Exercise description – Skip the pictures. Give all the data again exactly.

++++ Information provided

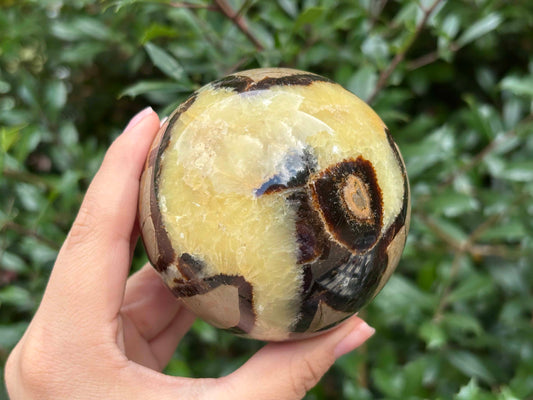 Natural polished Septarian sphere decor, unique dragon stone crystal ball for home, office, meditation, and healing energy - RBL343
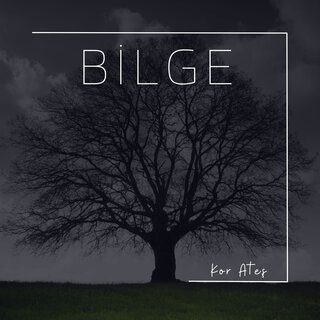 Bilge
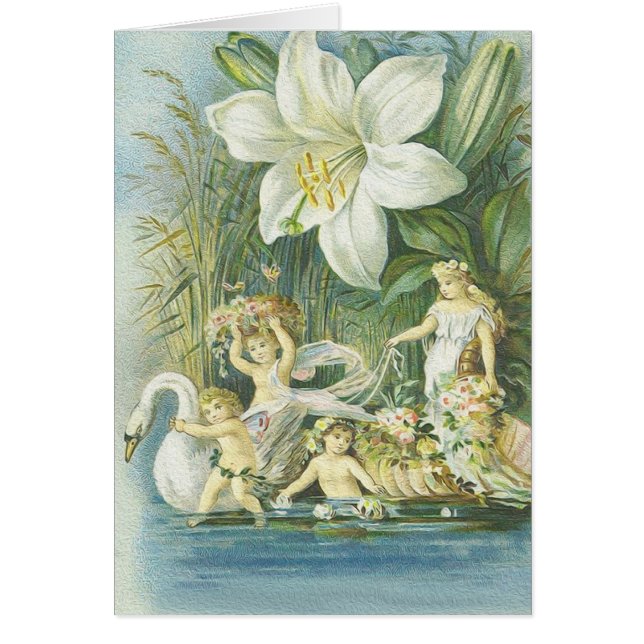 Softness - Fairies, Swan and Flower (Front)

++++++++

Answer section –
 Natural polished Septarian sphere decor, unique dragon stone crystal ball for home, office, meditation, and healing energy - RBL343
 Bilge
 Softness - Fairies, Swan and Flower (Front)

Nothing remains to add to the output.